交流端子NA1と交流端子NA2とが交流電源22の出力として機能する。例えば制御回路110の交流端子NA1をグランドに接地し、逆導通型半導体スイッチ51,54のペアと、逆導通型半導体スイッチ52,53のペアと、が互いに異なるようにオン・オフを50Hzで切り替える。逆導通型半導体スイッチ52,53のペアがオンで逆導通型半導体スイッチ51,54のペアがオフの場合、交流端子NA2から正の電位が、逆導通型半導体スイッチ51,54のペアがオンで逆導通型半導体スイッチ52,53のペアがオフの場合、交流端子NA2から負の電位が出力される。逆導通型半導体スイッチ51乃至54のオン・オフが切り替わることによって、交流端子NA2から50Hzの矩形波が出力される。
交流電源22を交流電源20の代わりに、電力変換装置1,2,4,5に、に接続する場合、制御回路110は、交流電源22を流れる電流が交流電源22の出力する電圧と同じ周期の交流電流になるように、ゲート信号SG1乃至SG4を制御する。直流電源40が、太陽光発電や風力発電など出力の不安定なものであっても、制御回路110は、交流電源22に流れる電流を目標の波形になるように強制的に制御する。
【0099】
また、上記実施例では、制御回路110の行うPFC制御は、インダクタLを流れる電流IinをフィードバックしてPWMによってなされたが、パルスパターンなどによってPFC制御を行っても良い。
【0100】
また、上記実施形態では、電流方向切替部200,電流方向切替部201の導通・遮断する電流方向は、制御回路110によって制御されたが、他の方法で制御されてもよい。
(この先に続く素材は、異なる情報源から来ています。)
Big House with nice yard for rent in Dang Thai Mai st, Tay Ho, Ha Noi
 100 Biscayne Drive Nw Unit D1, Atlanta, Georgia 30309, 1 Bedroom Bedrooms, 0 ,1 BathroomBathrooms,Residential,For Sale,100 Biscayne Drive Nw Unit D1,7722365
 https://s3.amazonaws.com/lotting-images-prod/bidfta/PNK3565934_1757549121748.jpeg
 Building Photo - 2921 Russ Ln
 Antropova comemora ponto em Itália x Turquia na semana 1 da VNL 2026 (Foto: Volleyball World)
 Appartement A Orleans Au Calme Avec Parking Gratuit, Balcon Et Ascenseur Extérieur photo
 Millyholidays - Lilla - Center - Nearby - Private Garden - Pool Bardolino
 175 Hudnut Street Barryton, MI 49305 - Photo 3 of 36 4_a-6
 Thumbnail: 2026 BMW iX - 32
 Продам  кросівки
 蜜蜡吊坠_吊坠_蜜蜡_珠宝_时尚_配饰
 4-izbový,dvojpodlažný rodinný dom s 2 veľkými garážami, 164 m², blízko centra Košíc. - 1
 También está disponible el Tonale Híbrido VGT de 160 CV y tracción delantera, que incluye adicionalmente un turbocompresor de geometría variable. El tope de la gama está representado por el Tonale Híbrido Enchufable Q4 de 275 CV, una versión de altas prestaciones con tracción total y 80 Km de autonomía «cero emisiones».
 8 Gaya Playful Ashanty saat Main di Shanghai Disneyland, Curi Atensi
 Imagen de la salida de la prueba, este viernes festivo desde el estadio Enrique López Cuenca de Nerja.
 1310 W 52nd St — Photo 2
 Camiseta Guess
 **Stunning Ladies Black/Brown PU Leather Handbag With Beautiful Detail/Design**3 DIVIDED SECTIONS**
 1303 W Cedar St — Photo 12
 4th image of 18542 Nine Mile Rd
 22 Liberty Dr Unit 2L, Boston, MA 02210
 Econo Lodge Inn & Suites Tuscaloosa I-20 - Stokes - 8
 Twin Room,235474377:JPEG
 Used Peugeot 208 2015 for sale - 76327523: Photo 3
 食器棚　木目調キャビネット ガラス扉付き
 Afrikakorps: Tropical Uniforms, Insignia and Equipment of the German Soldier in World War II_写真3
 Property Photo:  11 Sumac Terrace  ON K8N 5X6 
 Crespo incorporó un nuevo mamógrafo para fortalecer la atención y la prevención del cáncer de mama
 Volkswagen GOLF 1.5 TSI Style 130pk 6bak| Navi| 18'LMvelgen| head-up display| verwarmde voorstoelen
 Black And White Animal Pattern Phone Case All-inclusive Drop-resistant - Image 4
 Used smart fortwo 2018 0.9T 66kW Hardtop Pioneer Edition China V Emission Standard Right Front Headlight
例えば、交流電源の出力が正の場合はオン信号を出力し、負の場合はオフ信号を出力する回路を、逆導通型半導体スイッチSWRのゲートGSWRに接続し、正の場合はオフ信号を出力し、負の場合はオン信号を出力する回路を逆導通型半導体スイッチSWLに接続しても良い。
【0101】
また、上記実施例では、フルブリッジ型MERS100を流れる電流の立ち上がりをなだらかにするインダクタL0を備えたが、インダクタL0がなくてもよい。
【0102】
また、上記実施例では、交流電源20の出力する電圧の正負が入れ替わる時、コンデンサCMに電圧が蓄積されている場合について説明したが、PWMの周波数を調整することで、コンデンサCMに電圧が蓄積されていない時に、交流電源20の出力する電圧の正負が入れ替わるようにすることが可能である。
【0103】
例えば、上記実施形態では、逆導通型半導体スイッチは、スイッチとその寄生ダイオードからなるNチャンネル型MOSFETとして説明した。しかし、逆導通型半導体スイッチは、逆導電型のスイッチであればよく、電界効果トランジスタや、絶縁ゲートバイポーラトランジスタ(IGBT:Insulated Gate Bipolar Transistor)や、ゲートターンオフサイリスタ(GTO:Gate Turn−Off thyristor)や、ダイオードとスイッチの組み合わせでもよい。
【0104】
また、制御回路110は、上述した制御をする回路として説明したが、CPU(Central Processing Unit)と、RAM(Random Access Memory)やROM(Read Only Memory)等の記憶手段を備えたマイクロコンコントローラ(以下、「マイコン」と呼称する。)などのコンピュータであってもよい。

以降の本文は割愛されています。